▶ _Problem requirements_:
The answer must consist of every line in the data below that holds the word "image".

Source material: Begin

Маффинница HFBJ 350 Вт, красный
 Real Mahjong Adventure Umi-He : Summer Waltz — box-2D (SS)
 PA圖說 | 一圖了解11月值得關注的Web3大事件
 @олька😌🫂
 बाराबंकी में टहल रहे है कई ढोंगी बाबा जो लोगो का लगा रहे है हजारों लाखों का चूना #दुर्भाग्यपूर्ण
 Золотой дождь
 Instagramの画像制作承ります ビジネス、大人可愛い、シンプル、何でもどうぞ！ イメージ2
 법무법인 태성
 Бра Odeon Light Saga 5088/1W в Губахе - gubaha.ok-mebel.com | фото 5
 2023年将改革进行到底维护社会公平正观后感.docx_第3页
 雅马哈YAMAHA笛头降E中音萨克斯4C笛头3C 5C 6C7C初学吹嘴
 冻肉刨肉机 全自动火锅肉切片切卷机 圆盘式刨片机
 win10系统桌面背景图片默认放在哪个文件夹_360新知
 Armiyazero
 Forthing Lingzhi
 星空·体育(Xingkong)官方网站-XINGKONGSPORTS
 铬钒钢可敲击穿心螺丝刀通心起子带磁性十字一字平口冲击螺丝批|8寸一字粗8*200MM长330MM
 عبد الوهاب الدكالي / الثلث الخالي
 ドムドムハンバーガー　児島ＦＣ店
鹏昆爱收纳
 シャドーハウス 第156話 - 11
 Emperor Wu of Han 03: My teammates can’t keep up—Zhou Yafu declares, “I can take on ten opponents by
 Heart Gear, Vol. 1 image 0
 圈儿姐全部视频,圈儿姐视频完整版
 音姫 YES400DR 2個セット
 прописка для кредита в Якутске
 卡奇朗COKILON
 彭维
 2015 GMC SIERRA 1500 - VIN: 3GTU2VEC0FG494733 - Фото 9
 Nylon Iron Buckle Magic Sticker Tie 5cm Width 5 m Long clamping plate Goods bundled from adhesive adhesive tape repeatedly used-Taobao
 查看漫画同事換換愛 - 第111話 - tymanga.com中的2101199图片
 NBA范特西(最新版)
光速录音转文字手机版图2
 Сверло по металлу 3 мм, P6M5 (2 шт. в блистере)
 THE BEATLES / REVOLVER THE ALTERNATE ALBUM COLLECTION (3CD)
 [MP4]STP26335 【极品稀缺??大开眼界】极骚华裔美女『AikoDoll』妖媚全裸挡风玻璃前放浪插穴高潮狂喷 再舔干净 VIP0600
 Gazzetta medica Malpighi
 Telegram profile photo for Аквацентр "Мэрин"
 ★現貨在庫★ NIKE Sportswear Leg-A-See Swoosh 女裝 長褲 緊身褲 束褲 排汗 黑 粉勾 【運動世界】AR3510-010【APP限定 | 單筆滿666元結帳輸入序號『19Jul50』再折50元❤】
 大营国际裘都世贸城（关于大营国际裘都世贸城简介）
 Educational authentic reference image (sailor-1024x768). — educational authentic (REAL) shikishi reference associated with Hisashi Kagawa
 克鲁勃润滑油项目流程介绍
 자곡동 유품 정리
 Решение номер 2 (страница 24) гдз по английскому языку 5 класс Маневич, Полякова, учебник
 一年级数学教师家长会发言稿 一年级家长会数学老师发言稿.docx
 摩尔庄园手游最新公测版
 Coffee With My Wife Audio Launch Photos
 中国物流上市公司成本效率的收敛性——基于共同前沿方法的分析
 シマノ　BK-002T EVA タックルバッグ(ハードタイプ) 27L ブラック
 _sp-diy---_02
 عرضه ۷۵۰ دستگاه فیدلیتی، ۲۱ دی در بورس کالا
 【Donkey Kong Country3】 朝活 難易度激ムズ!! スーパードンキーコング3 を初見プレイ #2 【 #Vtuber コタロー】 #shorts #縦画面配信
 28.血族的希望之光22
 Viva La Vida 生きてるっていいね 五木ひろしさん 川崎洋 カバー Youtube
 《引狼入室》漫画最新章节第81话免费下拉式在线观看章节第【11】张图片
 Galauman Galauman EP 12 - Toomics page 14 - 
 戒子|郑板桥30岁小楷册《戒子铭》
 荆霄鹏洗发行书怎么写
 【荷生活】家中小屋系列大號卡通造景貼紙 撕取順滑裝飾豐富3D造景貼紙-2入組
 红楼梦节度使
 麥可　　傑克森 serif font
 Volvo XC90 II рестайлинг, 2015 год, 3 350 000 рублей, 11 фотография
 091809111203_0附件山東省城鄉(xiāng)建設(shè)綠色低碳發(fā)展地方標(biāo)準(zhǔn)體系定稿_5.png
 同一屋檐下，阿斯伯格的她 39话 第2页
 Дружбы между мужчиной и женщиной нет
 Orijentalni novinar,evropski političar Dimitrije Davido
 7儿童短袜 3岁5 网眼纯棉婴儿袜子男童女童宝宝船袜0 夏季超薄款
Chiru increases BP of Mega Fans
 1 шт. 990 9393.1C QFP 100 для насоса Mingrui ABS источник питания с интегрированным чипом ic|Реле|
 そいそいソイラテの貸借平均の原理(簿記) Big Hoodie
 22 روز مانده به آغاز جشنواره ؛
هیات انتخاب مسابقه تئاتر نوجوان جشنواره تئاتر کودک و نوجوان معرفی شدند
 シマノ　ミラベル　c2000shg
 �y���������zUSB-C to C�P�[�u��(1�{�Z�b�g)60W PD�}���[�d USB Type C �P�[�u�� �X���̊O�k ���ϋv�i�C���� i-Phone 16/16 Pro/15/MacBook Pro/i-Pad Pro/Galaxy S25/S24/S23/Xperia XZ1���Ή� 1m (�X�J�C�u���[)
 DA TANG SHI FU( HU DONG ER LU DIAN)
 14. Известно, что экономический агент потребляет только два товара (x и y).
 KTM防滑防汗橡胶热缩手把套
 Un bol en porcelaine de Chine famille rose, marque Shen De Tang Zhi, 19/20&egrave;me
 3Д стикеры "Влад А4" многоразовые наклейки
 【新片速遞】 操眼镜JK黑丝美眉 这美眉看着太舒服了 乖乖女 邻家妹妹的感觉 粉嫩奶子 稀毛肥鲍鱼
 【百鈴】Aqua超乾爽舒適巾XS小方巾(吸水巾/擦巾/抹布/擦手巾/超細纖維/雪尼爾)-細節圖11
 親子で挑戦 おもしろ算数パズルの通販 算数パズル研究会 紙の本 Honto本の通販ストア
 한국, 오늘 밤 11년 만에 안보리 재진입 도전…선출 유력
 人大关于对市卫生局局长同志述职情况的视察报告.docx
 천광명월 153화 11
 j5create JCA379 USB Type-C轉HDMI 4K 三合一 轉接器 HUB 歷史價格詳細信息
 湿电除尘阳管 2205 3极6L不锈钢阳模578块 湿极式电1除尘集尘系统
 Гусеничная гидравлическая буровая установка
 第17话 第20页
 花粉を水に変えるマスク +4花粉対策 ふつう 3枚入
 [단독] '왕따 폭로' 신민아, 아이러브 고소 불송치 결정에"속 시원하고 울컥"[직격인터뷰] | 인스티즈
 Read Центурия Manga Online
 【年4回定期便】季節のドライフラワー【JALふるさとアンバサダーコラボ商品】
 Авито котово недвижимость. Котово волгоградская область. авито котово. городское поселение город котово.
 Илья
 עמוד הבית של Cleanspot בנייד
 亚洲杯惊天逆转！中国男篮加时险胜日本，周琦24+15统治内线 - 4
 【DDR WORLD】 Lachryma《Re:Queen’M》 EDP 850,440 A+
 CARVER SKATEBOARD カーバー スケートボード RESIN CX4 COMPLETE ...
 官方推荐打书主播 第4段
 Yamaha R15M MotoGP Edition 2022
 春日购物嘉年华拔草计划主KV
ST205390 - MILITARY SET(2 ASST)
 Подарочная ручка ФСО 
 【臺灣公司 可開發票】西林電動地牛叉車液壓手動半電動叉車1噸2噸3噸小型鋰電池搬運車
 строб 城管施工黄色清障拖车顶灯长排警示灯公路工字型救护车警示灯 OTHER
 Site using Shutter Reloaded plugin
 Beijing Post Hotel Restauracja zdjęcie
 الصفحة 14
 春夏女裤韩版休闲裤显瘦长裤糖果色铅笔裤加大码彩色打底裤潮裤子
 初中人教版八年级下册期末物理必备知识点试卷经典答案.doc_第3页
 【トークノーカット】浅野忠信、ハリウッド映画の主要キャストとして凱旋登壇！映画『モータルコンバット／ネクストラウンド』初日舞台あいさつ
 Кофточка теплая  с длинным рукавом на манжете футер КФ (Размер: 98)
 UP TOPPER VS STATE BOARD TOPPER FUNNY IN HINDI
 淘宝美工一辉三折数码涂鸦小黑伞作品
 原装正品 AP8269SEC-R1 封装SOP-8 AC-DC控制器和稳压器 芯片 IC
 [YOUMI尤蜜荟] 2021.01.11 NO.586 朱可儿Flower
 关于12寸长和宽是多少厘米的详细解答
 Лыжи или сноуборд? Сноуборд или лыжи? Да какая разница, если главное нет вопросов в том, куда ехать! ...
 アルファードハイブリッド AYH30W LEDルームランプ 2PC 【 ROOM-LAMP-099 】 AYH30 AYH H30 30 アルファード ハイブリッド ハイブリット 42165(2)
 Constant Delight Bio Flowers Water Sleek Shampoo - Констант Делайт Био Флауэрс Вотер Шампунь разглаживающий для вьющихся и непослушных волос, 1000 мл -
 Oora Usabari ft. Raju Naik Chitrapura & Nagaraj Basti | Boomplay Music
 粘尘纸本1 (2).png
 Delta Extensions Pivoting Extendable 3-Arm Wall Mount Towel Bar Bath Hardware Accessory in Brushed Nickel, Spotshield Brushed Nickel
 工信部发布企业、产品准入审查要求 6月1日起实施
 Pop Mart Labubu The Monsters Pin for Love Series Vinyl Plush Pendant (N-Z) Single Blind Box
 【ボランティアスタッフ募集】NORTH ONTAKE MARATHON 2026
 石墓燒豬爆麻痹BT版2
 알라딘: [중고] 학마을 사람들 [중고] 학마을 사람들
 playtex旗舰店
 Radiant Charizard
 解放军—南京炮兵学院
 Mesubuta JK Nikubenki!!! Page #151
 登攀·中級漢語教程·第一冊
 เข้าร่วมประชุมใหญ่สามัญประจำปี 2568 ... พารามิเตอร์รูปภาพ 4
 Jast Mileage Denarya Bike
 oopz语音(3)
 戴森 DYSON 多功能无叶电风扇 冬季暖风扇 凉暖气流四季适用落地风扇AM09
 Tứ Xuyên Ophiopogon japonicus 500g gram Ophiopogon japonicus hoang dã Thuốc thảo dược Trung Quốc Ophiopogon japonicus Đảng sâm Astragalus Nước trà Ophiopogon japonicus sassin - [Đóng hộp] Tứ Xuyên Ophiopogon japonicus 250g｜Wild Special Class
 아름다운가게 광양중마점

Source material: End

▶ _Solution to the problem_:
 Heart Gear, Vol. 1 image 0
 Educational authentic reference image (sailor-1024x768). — educational authentic (REAL) shikishi reference associated with Hisashi Kagawa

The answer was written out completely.